Also we are either thinking of entirely building the tank, or buying a basic tank then putting in dividers and filter.

So Just a few more questions LOL, what would be easier? Building the whole thing or starting of with a base?

If you did build it would it be easier with a wooden frame?

I'm thinking about a 10 gallon tank being the minimum size so 2.5g per betta as a minimum, would that be okay for them?

Does anyone know of some really good sites with building a tank? LOl sorry for all the questions, I just love the idea of the inbuilt filter and making a tank, plus I got my Dad intrested, thats more then i can say for the other daughter/father bonding things I've tried. Me and my Dad are way to similar in some aspects so often plans for building something have ended up with both of us refusing to listen to the other LOL.

Thanks
Emma


----------



## T4987 (Nov 25, 2006)

Before you try to make a custom tank you might want to practice on another tank. buy a cheap small glass tank and take it apart and reseal it. If your cutting glass yourself which I don't suggest cut a piece for one side of the practice tank and see if it fits. I think you should get glass cut at a store that way you don't have to worry about that part. Its just a suggestion but I wouldn't want to start a custom mistake and pull one of those beginner mistakes.

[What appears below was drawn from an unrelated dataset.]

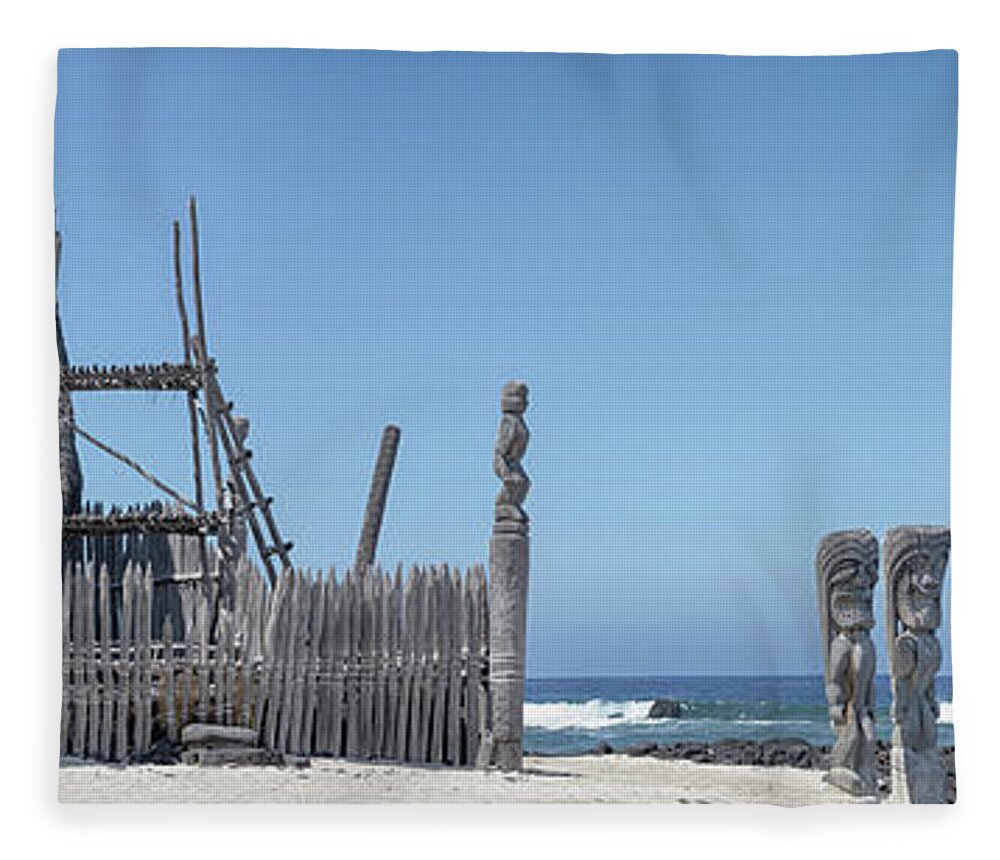 Hawaii Fleece Blanket featuring the photograph Hale o Keawe Temple by Susan Rissi Tregoning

I'm not sure how well wood does for framing a tank. It might swell when wet or with seasonal temperature changes. I would buy a plastic frame if you looked there are probably stores online that sell the top and bottom frame of the tanks for several sizes.

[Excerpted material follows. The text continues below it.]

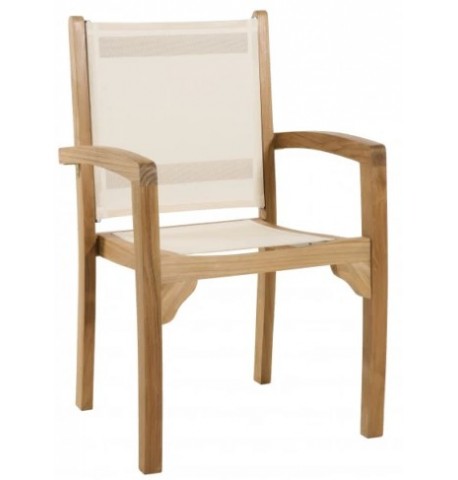 Krzesło ogrodowe lite drewno beżowy materiał Macabane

I think that would be called something like a 5 stage filter. Maybe not 5 but multiple stage filter. I think the usually have a sponge, filter floss, activated carbon, and other stuff. If your going to put this in your tank you are going to want more than a 10g because this will take up space and you wont really have as much space for the fish. 

Go for a 15g long if you can would give the betas a little more room. I dont know any sites to help you with this but check on this forum and a few more they might be able to help.


----------



## cuticom (Dec 14, 2006)

We definately wouldnt be cutting glass ourselves LOL

From hwta I could get out of Dad, using a wodden frame would mean the glass is attatched to the frame as well as sealed to each piece, so when putting it together it's easier for everything to stick.

We cant practice on a smaller tank, they cost at least $50 each from our local pet store, anything smaller then about two foot is molded plastic

Thanks
Emma


----------



## T4987 (Nov 25, 2006)

I was thinking more of the walmart 5g glass tanks usually $5-10. I'm not sure how well wood will work but it sounds like it would look great.


----------



## cuticom (Dec 14, 2006)

I live in country Australia, so no walmarts etc. Just a good old independant warehouse style pet store, that of course sells saddles, bridles, massive troughs etc LOL. Oh and a few tanks of fish LOL.

I'll have a look at prices and designs and see how it goes. We did work out what to do with the Bettas if all else fails at least LOL. My Mum has a ten gallon aquarium she uses for taddies, which are rescued from the pool. We can stick dividers and a small filter and heater in that and it'll do, wouldnt look that good tho LOL.


----------



## cuticom (Dec 14, 2006)

Hmm just chatting to Dad, as we hadve the betta dilemma sorted, I can do what i wnat with a tank, and Dad hasnt vetoed a large tank yet either. He does wnat plans that are proven to work before we start tho. So who has instructions and photos on building a tank, any type of tank? LOL

Emma


----------